Di dalam bus, kebetulan aku duduk dengan seorang ibu muda. Aku tanya dengan bahasa Jawa, dia tidak bisa menjawab. Ternyata bukan orang Jawa. Setelah ngobrol banyak, katanya dia asli Bogor. Menurut logat bicaranya memang bukan orang Jawa.
Ibu muda itu dari Jatiyoso (Karanganyar). Katanya ia mengantar seseorang yang mengontrakdi salah satu kontrakannya. Si pengontrak itu sakit. Karena tidak ada sanak-saudara di tempat itu, terpaksa ia mengantarkannya.
Tampaknya ibu muda itu cukup berada. Paling tidak dilihat dari emas-emasnya. Beberapa buah gelang melingkar tangannya. Ia juga memakai cincin dan kalung yang ukurannya cukup besar.
Dalam perjalanan, aku ngantuk. Aku pejamkan mata tetapi belum tertidur sehingga masih bisa tahu keadaan di sekitarku. Mungkin tampangku mencurigakan bagi ibu muda tersebut. Buktinya, satu per satu perhiasan yang dipakainya ia copot kemudian dimasukkan ke dalam tas dan didekap erat sekali. Sambil melakukan itu, pandangannya menuju ke arahku. Sebenarnya, aku agak tersinggung tetapi kemudian tersenyum dalam hati. Siwalan.
Selepas makan malam, aku tertidur pulas. Tahu-tahu kulihat Mbak Sarmi, tetanggaku siap-siap turun. Spontan aku juga siap-siap turun. Ketika bus berhenti dan Mbak Sarmi turun, aku mengikuti dari belakangnya. Namun, ketika bus beranjak, Mbak Sarmi tidak ada. Tak satupun orang di tempat itu.

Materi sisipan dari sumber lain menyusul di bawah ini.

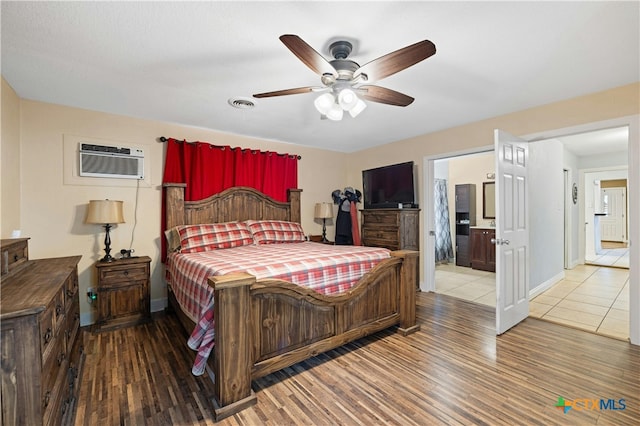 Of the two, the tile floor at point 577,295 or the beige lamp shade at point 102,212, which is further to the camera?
the tile floor at point 577,295

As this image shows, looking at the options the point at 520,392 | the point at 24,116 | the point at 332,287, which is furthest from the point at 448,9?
the point at 24,116

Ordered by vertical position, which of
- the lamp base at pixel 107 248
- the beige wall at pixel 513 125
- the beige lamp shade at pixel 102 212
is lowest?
the lamp base at pixel 107 248

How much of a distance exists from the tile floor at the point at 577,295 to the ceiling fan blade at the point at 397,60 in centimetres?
329

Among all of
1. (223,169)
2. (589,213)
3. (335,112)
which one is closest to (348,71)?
(335,112)

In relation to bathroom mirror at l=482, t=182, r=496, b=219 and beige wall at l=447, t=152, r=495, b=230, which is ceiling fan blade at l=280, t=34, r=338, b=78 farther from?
bathroom mirror at l=482, t=182, r=496, b=219

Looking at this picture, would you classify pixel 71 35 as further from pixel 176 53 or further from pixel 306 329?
pixel 306 329

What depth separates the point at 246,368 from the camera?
1.82 metres

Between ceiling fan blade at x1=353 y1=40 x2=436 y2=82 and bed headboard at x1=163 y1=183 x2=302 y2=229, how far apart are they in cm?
272

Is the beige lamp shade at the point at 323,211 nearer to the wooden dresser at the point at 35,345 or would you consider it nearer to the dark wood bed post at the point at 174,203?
the dark wood bed post at the point at 174,203

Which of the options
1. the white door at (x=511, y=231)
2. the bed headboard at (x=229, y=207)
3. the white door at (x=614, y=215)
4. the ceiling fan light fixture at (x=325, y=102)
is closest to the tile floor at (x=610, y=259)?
the white door at (x=614, y=215)

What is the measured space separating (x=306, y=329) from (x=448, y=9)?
91.4 inches

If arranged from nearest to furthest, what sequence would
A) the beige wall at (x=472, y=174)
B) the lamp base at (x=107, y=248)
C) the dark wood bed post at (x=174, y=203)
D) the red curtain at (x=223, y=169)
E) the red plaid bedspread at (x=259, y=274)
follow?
1. the red plaid bedspread at (x=259, y=274)
2. the lamp base at (x=107, y=248)
3. the dark wood bed post at (x=174, y=203)
4. the red curtain at (x=223, y=169)
5. the beige wall at (x=472, y=174)

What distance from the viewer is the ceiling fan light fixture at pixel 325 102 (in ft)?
6.84

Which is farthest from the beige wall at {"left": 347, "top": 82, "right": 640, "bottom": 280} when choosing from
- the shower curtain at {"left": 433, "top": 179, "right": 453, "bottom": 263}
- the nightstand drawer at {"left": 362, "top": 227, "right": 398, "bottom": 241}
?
the shower curtain at {"left": 433, "top": 179, "right": 453, "bottom": 263} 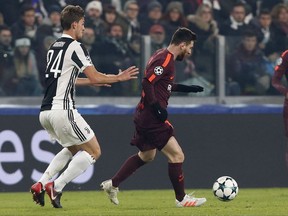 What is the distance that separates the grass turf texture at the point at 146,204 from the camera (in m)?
9.91

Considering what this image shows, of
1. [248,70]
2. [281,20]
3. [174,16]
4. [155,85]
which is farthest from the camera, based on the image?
[281,20]

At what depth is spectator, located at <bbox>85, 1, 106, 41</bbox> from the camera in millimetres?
15460

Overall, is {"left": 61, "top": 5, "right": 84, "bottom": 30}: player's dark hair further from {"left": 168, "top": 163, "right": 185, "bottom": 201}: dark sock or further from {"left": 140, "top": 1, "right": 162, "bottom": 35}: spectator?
{"left": 140, "top": 1, "right": 162, "bottom": 35}: spectator

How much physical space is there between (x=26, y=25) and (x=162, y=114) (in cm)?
514

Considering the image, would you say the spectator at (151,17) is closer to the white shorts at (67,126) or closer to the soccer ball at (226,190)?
the soccer ball at (226,190)

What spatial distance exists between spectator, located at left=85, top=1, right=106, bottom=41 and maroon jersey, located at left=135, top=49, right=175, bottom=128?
445 cm

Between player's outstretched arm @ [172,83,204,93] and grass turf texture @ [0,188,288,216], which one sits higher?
player's outstretched arm @ [172,83,204,93]

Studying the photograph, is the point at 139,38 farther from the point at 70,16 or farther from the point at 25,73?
the point at 70,16

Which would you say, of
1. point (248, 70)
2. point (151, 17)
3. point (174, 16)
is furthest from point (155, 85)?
point (174, 16)

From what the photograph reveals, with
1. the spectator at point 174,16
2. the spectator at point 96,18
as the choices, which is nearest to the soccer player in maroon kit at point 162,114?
the spectator at point 96,18

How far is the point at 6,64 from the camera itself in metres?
14.7

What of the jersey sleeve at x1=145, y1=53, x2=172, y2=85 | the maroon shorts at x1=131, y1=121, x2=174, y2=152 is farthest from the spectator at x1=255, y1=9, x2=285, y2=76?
the jersey sleeve at x1=145, y1=53, x2=172, y2=85

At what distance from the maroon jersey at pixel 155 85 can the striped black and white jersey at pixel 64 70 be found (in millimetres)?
779

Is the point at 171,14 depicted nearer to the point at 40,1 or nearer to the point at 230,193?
the point at 40,1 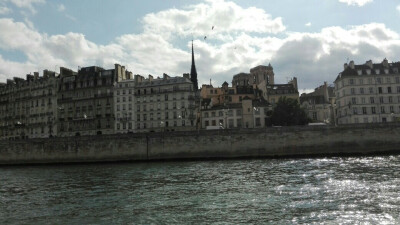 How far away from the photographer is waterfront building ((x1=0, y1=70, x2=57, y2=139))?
8788cm

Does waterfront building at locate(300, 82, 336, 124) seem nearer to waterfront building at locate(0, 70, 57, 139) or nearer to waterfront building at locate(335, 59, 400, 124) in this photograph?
waterfront building at locate(335, 59, 400, 124)

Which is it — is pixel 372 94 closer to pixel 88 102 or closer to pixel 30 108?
pixel 88 102

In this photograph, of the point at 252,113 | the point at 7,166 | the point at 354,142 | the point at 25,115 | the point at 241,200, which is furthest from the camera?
the point at 25,115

Aku kebingungan. Berjalan kesana-kemari tak satupun orang yang kutemui. Baru tahu sekarang bahwa tempat itu namanya Cijantung. Aku sempat masuk ke komplek perumahan untuk mencari seseorang yang dapat kutanyai. Hasilnya nihil. Aku kembali ke jalan raya.
Sekitar satu jam kemudian, aku ada bus antarprovinsi dari Ngadirojo menuju Bogor. Aku stop bus itu. Aneh, bus itu mau berhenti dan aku kemudian naik. Selang beberapa waktu, kondektur berseru, “Simpang Depok, Simpang Depok....” Aku bersiap-siap turun. Betapa kagetku, di depanku persis Mbak Sarmi berdiri dengan pakaian yang berbeda dengan Mbak Sarmi yang menghilang di Cijantung tadi. Bulu kudukku berdiri. Namun, aku tetap mengikuti langkahnya.
Aku tersenyum dan Mbak Sarmi membalasnya. Kemudian aku menanyakan alamat yang akan saya tuju. Mbak Sarmi sanggup mengantar sampai tujuan.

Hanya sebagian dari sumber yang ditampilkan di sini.